As described above, the automatic data processing system 1901 includes the processing operation determination section 2001, which links individual data on numbers, characters, and symbols to the measurement scales of the individual data, and determines processing operations applicable to the individual data, and the display section 2003, which displays the applicable processing operations on a screen.

The above-described configuration makes it possible to present processing operations that properly convert the data to a format providing machine learning and statistical analysis. Therefore, data processing operations can be performed even by a non-specialist having no knowledge of data mining and statistics. Further, even when a specialist handles an input data table having several hundred or more columns, performing manual setup in consideration of operations applicable to each column entails a significant cost. However, such a significant cost can be reduced. Moreover, it is possible to avoid useless analysis based on meaningless data processing and misunderstanding of analysis results.

<Exemplary Modification Concerning the Selection of an Optimum Processing Operation>

Even if a certain data processing operation is applicable to data in a column, the result of such a data processing operation is inconsistent in some cases. Therefore, each time the result of data processing operation is obtained, analysis personnel need to check manually and intuitively whether the value of processed data is appropriate.

An exemplary modification will now be described with reference to the selection of an optimum processing operation from applicable processing operations. The exemplary modification has basically the same system configuration as illustrated in FIG. 19, but differs in the following points.

FIG. 20 is a diagram illustrating the automatic data processing system 1901 that selects an optimum processing operation.

The automatic data processing system 1901 receives the input data 1902, determines the measurement scale of a column, selects an optimum processing operation for each column, performs the optimum processing operation on the data, and outputs the processed data to the output database 1903.

In addition to the elements included in the configuration shown in FIG. 19, the automatic data processing system 1901 includes a processing operation selection section 2101.

The processing operation selection section 2101 selects an optimum processing operation applicable to each column from the applicable processing operations extracted by the processing operation determination section 2001, and then transmits the selected processing operation to the data processing section 1908.

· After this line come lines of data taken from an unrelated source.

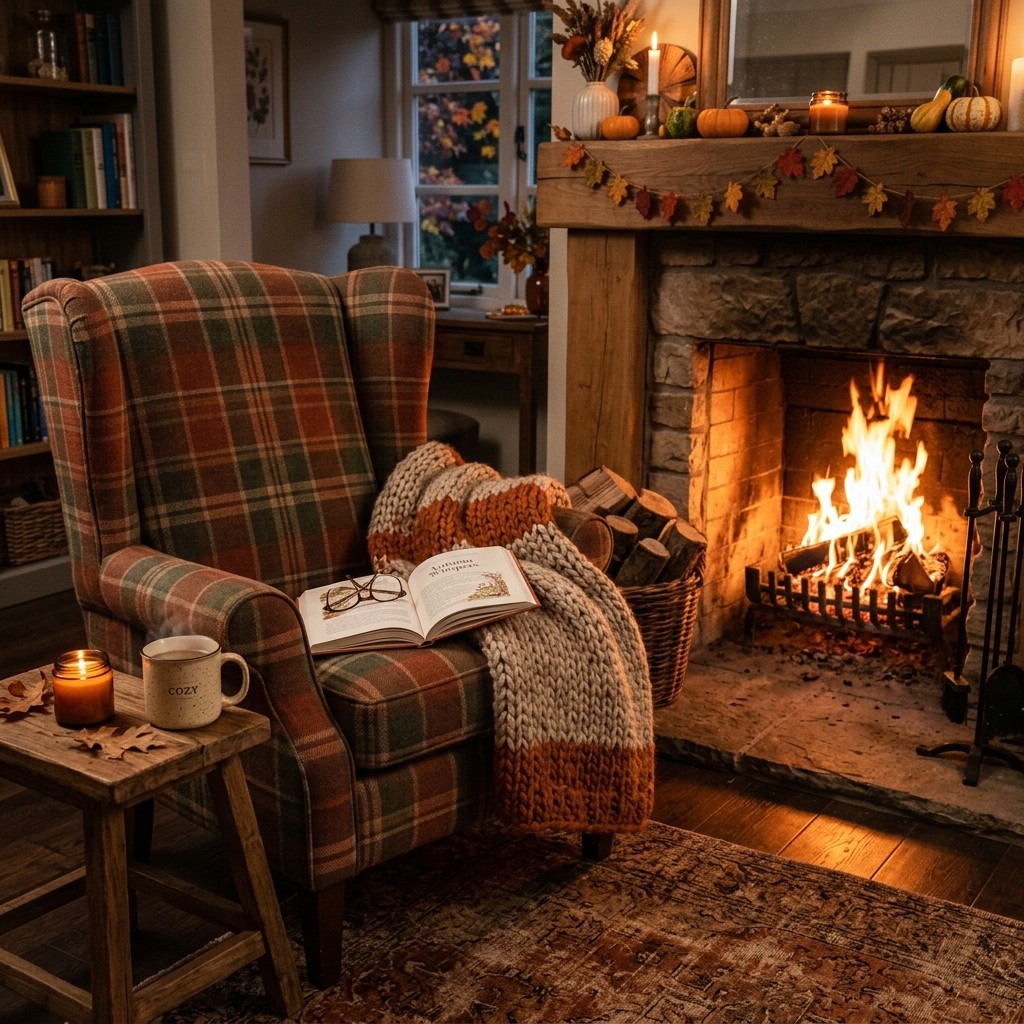 A cozy armchair beside a glowing fireplace with an open book, mug, knitted blanket, and autumn accents.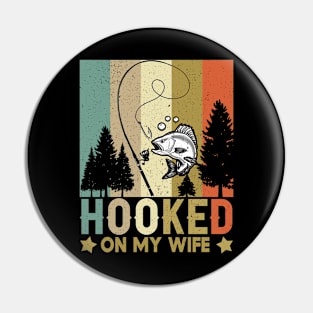 Funny Husband Shirts Hooked On My Wife Fishing Tee Shirts For Men Fathers Day Pin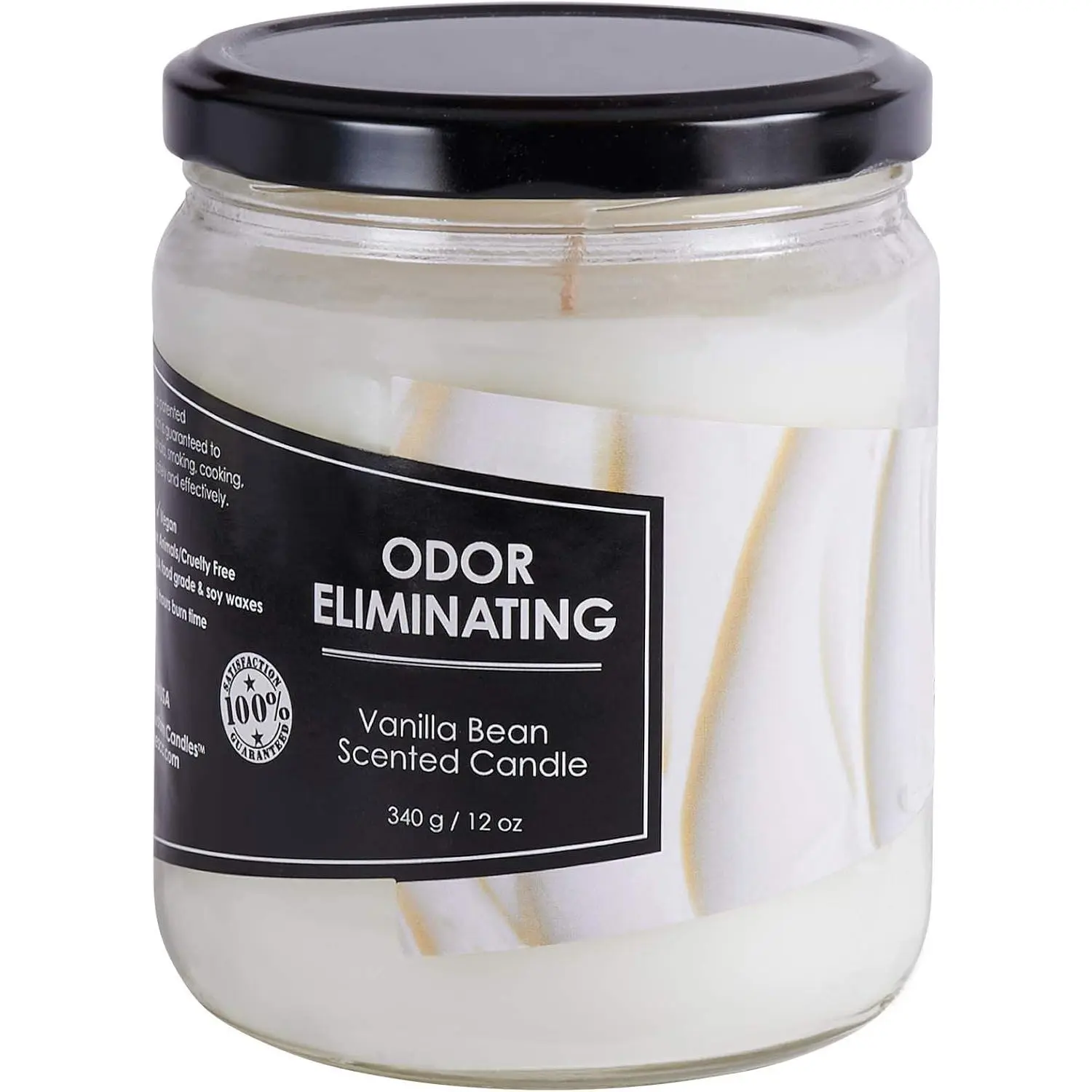 Vanilla Bean Odor Eliminating Highly Fragranced Candle - Eliminates 95% of Pet, Smoke, Food, and Other Smells Quickly - Up to 80 Hour Burn time - 12 Ounce Premium Soy Blend
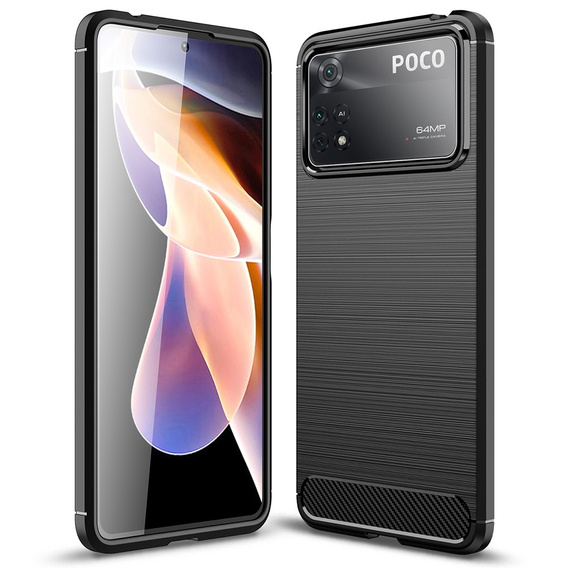 Case for Xiaomi Poco X4 Pro 5G, Carbon, black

FIG. 9 is a flowchart illustrating a process performed by the processing operation selection section 2101.

In a processing operation reception step 1001, the processing operation selection section 2101 receives the applicable processing operation table 420 from the processing operation determination section 2001.

The next two steps, namely, an operation robustness determination step 1003 and an optimum processing operation selection step 1004, are repeated for each column in the applicable processing operation table 420 (steps 1002 and 1005).

The operation robustness determination step 1003 determines the robustness of applicable processing operations stored in a value section 425 of the applicable processing operation table 420.

The optimum processing operation selection step 1004 selects an optimum processing operation for each column in accordance with the value of robustness determined in the operation robustness determination step 1003.

Finally, an optimum processing operation transmission step 1006 is performed to transmit to the data processing section 1908 a processing operation optimum for each column, which is selected in the optimum processing operation selection step 1004 by the processing operation selection section 2101.

The data processing section 1908 performs the received processing operation optimum for each column on individual data in a column.

The sequence of a process performed in the operation robustness determination step 1003 and optimum processing operation selection step 1004 will now be described with reference to FIG. 10.

A divide-by-N step 1102, an operation application step 1104, and a variance calculation step 1106 are repeated for each applicable processing operation stored in each value section of the applicable processing operation table.

First of all, in the divide-by-N step 1102, data is randomly divided into N sets. N may be designated by the user or an arbitrary value. The data may be divided, for example, into 5 to 10 sets.

Next, the operation application step 1104 is repeated for each of the N divided sets of data.

The operation application step 1104 performs the applicable processing operation, which is received in the processing operation reception step 1001, on the divided sets of data, and then calculates the value of the processed data.

The variance calculation step 1106 calculates the variance of the values of the N sets of processed data. The variance may be calculated in a conventional manner.

Finally, a variance value minimization operation selection step 1108 regards a processing operation for minimizing the variance value calculated in the variance calculation step 1106 as the most robust operation, and selects the most robust operation as the optimum processing operation. Here, operation robustness is a property indicating how small the variability of individual data values operated on is.

The above assumes that operation robustness is determined based on variance. However, operation robustness can be similarly determined based on standard deviation.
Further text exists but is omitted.